While the California Supreme Court is still reviewing the question whether a writ of mandate is the sole method of reviewing an order on a motion for good faith settlement (Code Civ. Proc., 877.6, subd. (e); In re Pacific Fertility Cases (2022) 78 Cal.App.5th 568, review granted August 17, 2022, S275134), a defendant appealed the denial of its motion in Armstrong Townhomes, LLC v. Milgard Mfg. (D1d2 Mar. 9, 2023 No. A164469) (nonpub. opn.).
The problem with the notice of appeal was it was filed 68 days after the notice of entry of order—too late. (Recall, however, that writ petitions are not subject to the jurisdictional filing deadlines.)

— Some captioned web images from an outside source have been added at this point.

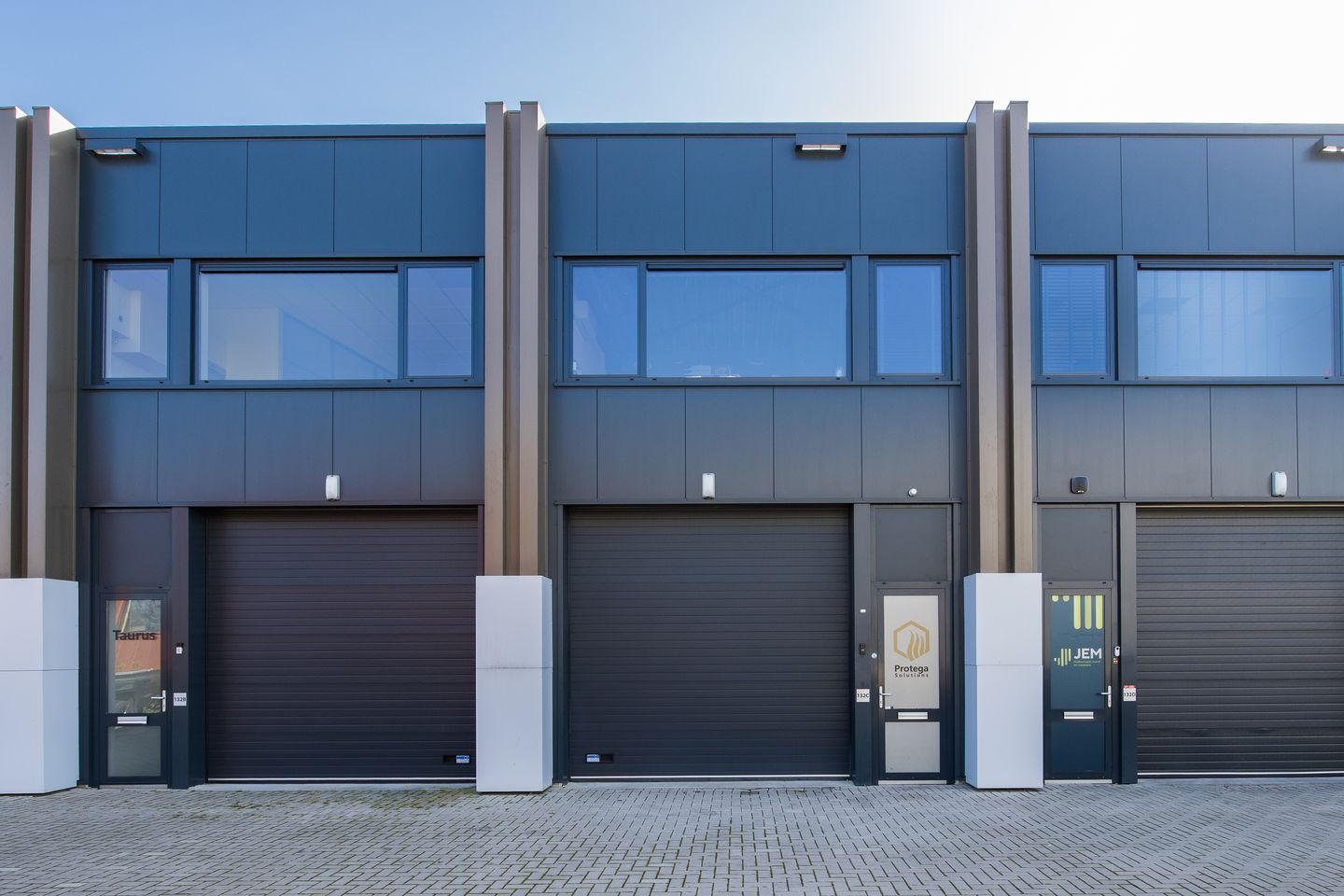 Bekijk foto 1 van Laan van de Kreeft 132-C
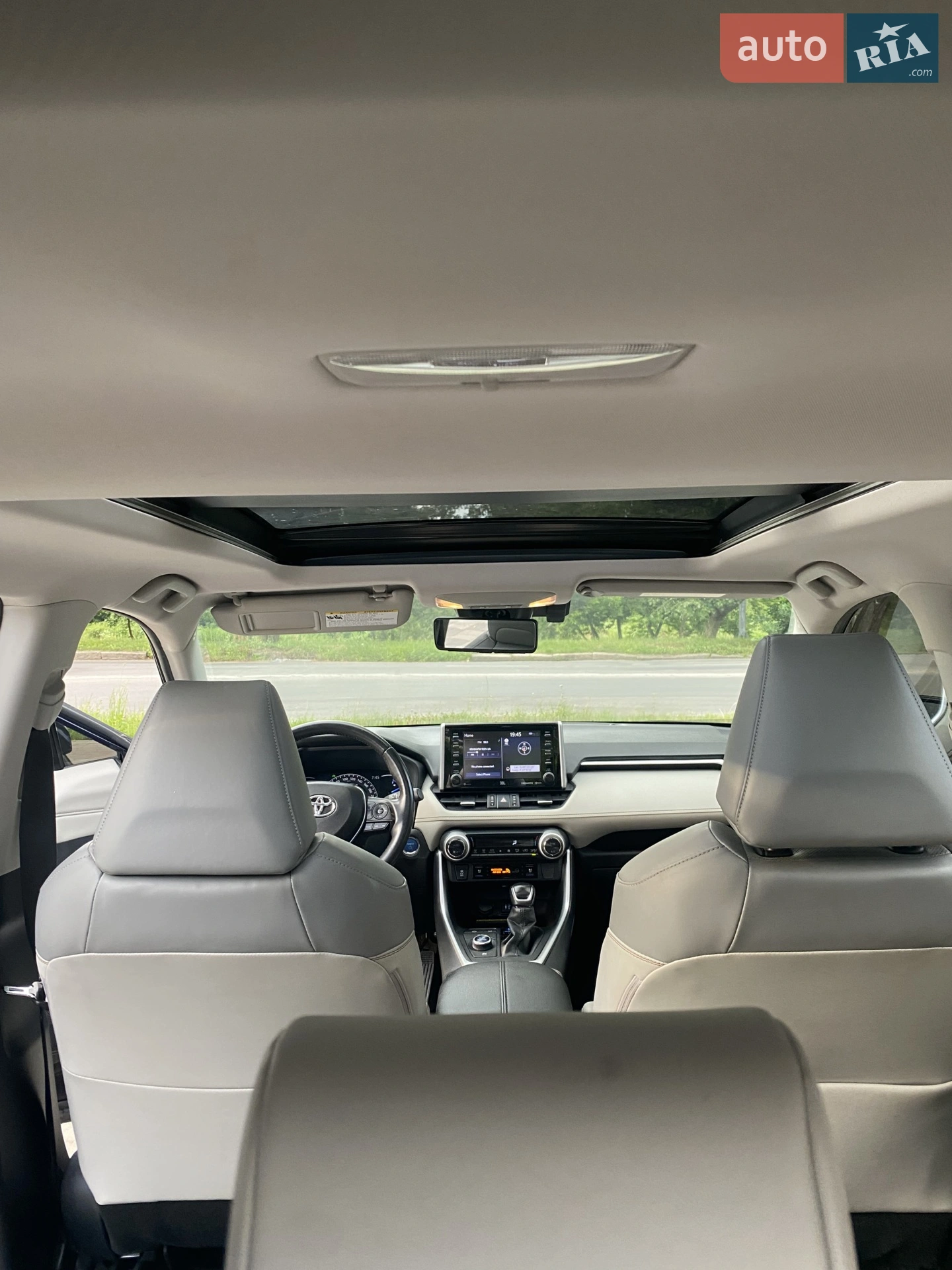 2019 Toyota RAV 4 - мініатюра 10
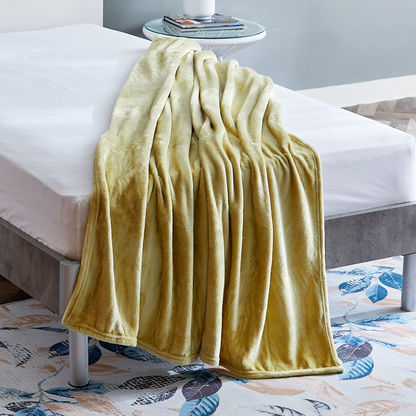 Nova Solid Flannel Queen Blanket - 200x220 cm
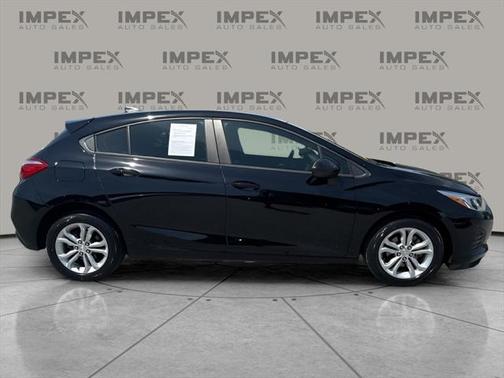 2019 Chevrolet Cruze LS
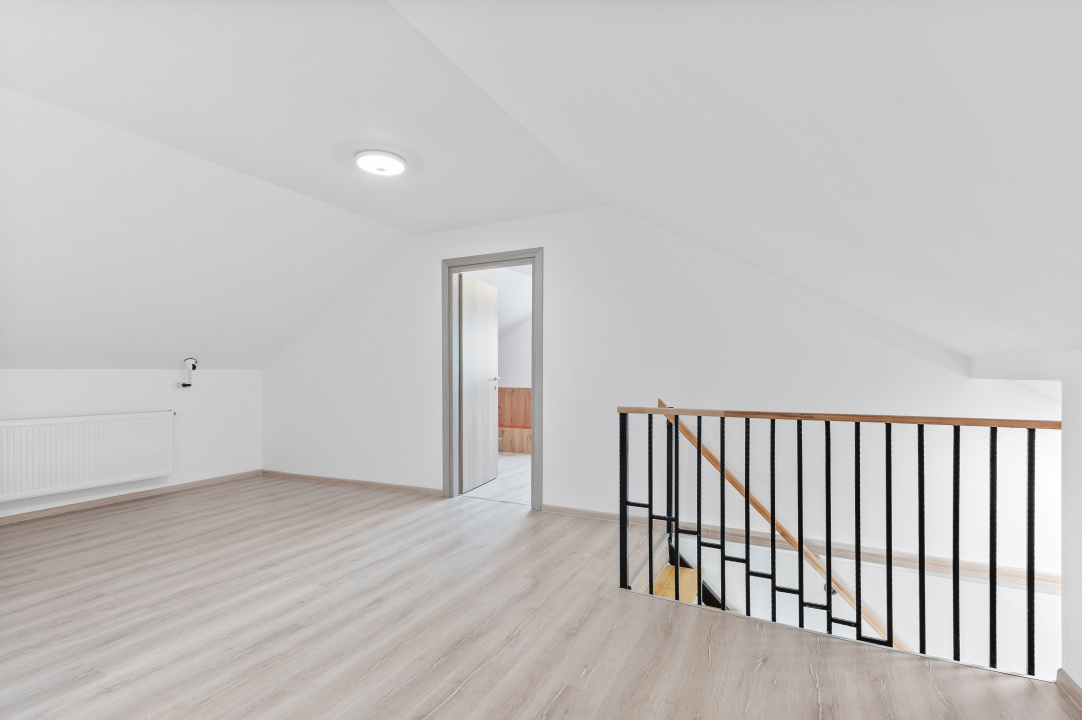 Vila noua, 5 dormitoare, 3 bai, teren 380 mp. Pret excelent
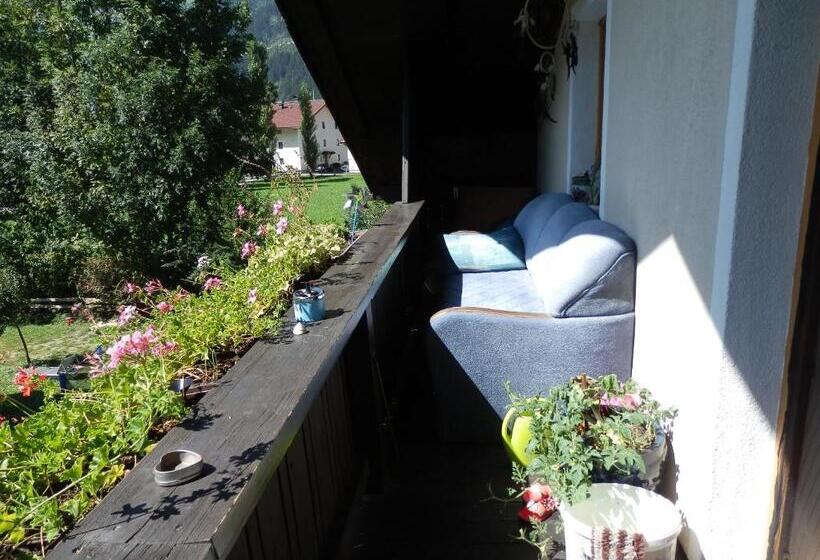 2ベッドルームアパートメント, Reiserhof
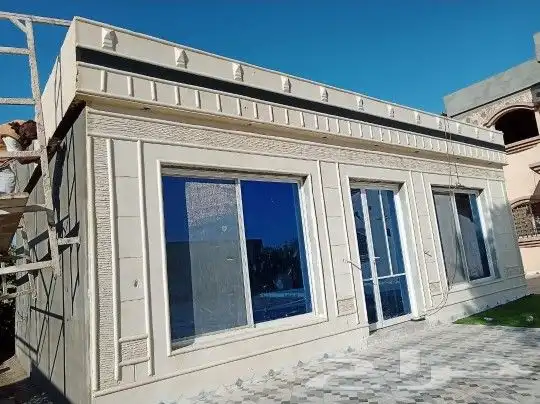 الياسه ملونة تغنيك عن الحجر وديكورت 2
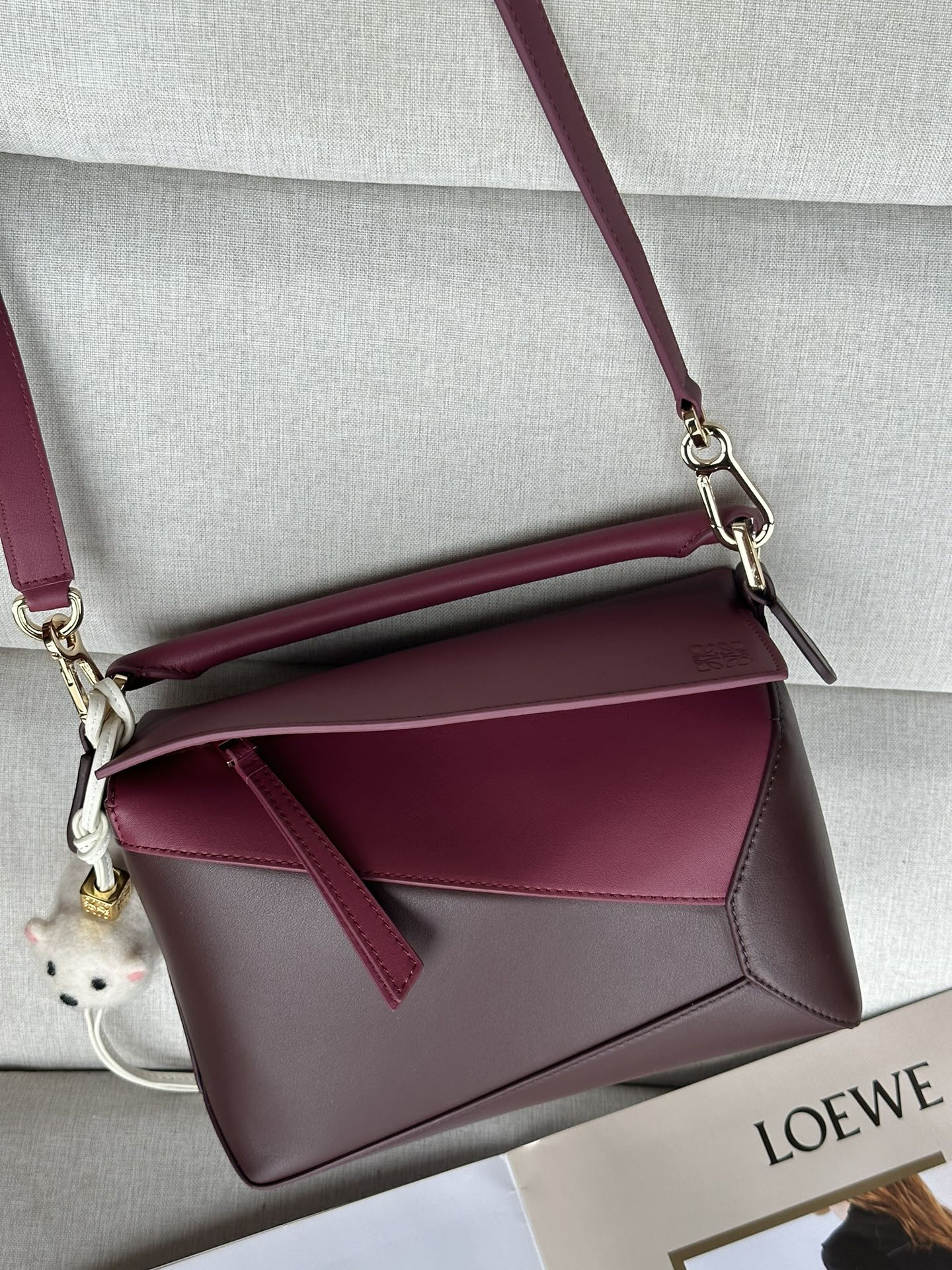 LOEWE Small Puzzle bag in classic calfskin 24x10.5x16.5cm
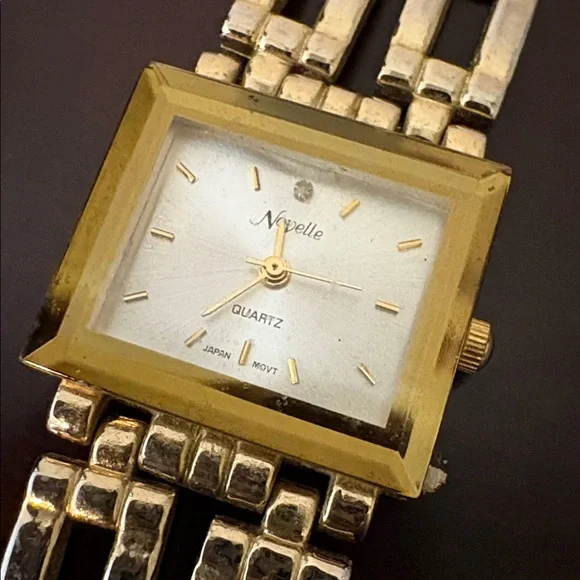 Lot of 5 old watches - need batteries - Picture 2 of 9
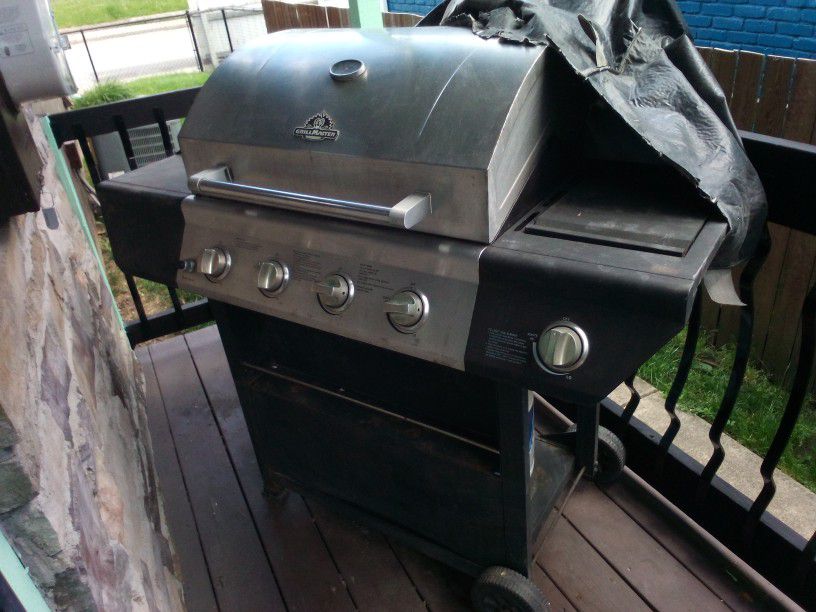 Grill Master In Good Condition 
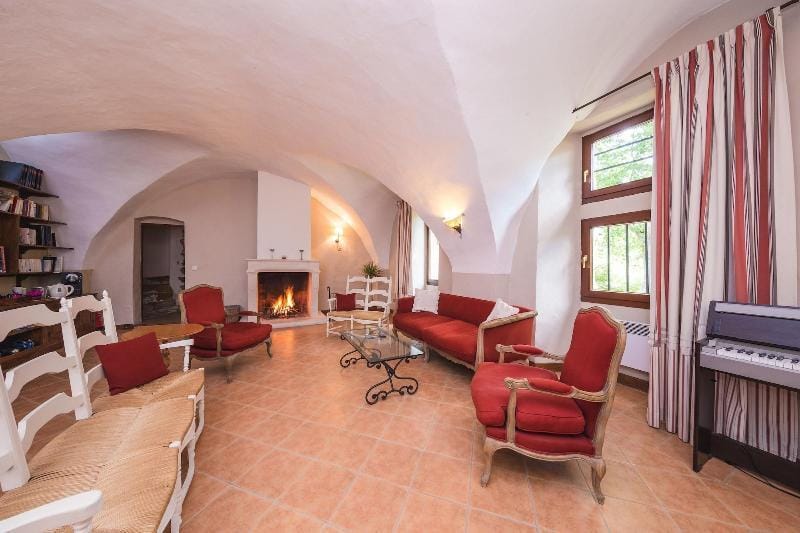 Le Relais du Grand Logis Cadarache ITER Hotel in French Riviera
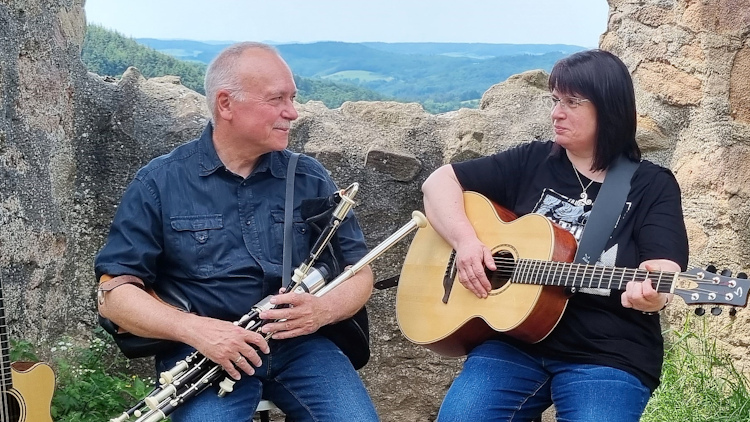 Folk um Fünf: Linnet´s Poem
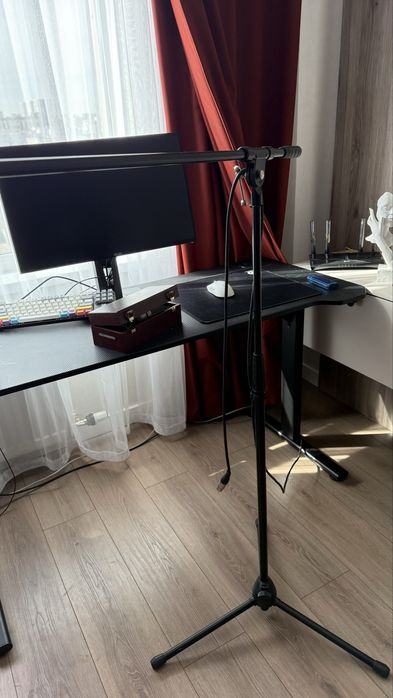 Студийный микрофон Neumann tlm 103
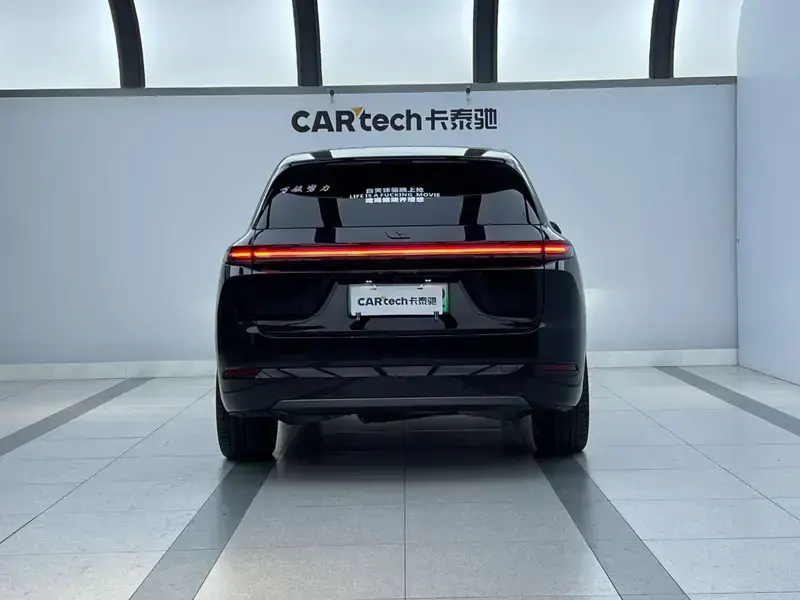 2024 Li Auto (Lixiang) L7 с пробегом 30 000 км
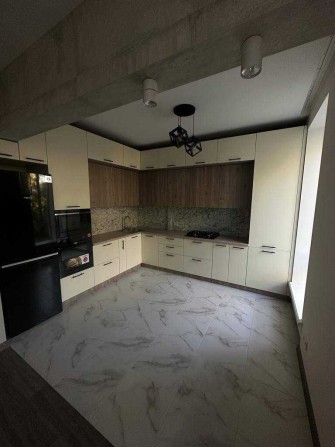 3-х комн. Центр, Сталинка. - фото 1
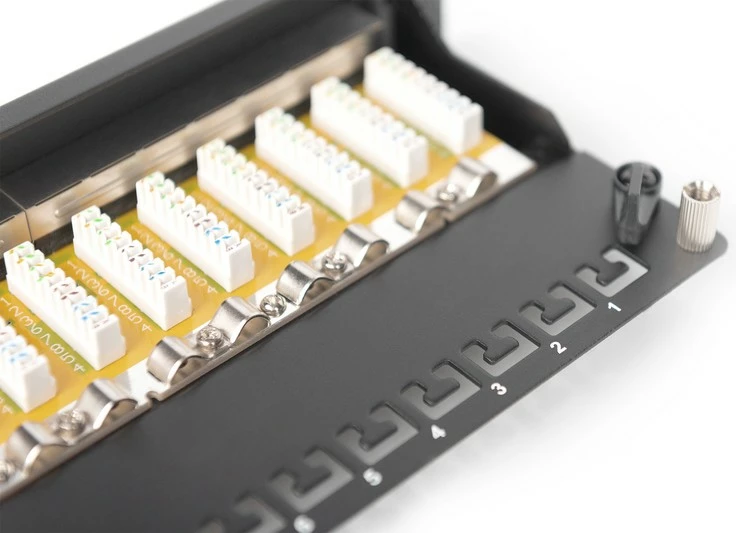 Patch panel Digitus DN-91612S, 12 porta, CAT 6, 10", 1U, e zezë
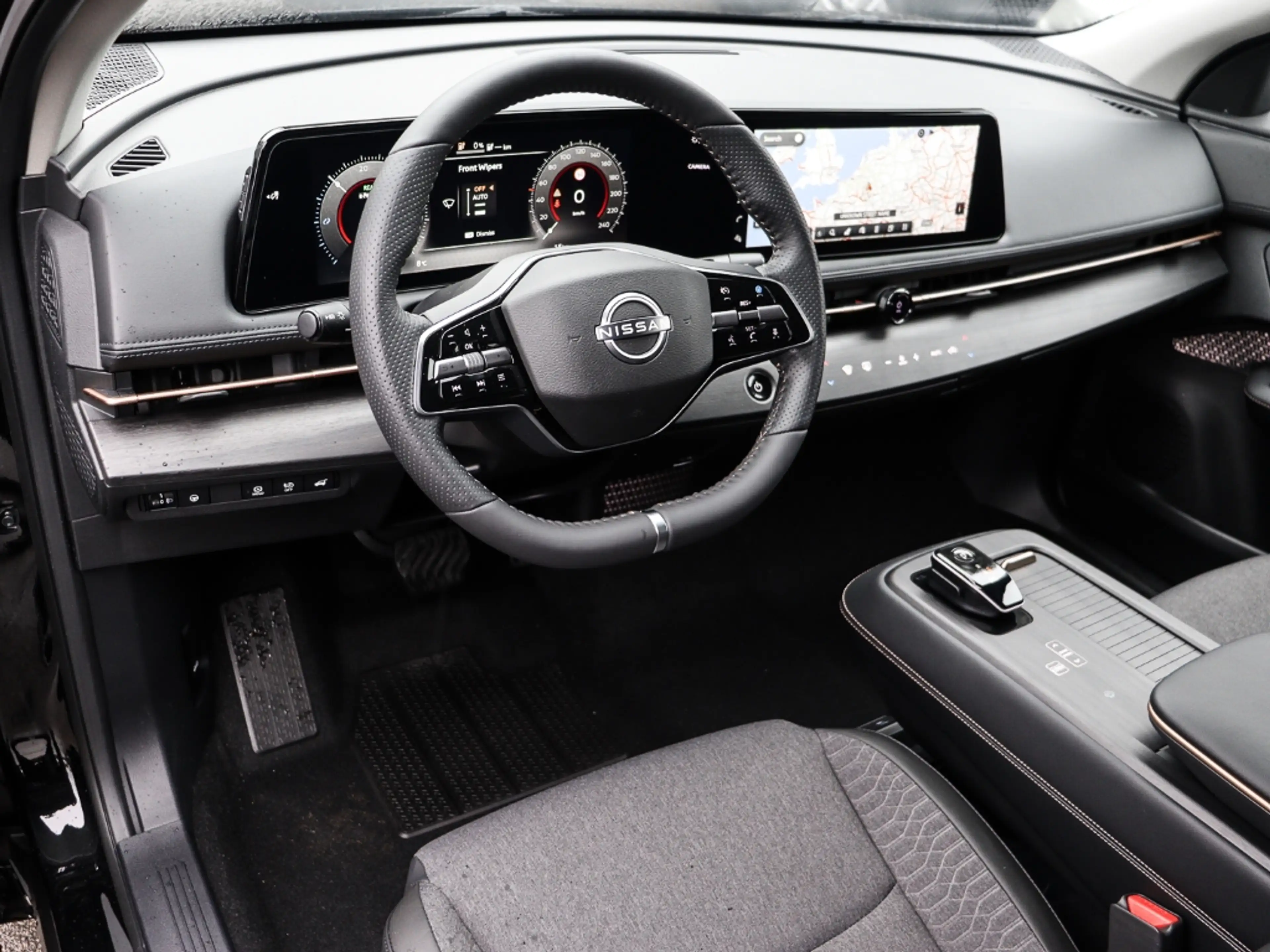 Nissan Ariya 63kWh Advance Pack Navi CCS AVM LED — photo 4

So the Court of Appeal asked the defendant to file a letter brief explaining why the appeal should not be dismissed. Here, the defendant had taken the position that the appeal was filed only after the Court of Appeal had summarily denied a writ petition—yet there was no writ petition in the record. What, the court wanted to know, was the defendant talking about?
But the defendant did not file the invited letter brief. Counsel sent the clerk an email indicating they “plan on submitting a letter brief,” but due to preparation for an upcoming trial, they needed an extension, which the court declined.
The requested brief having never been filed, the court dismissed the appeal as untimely.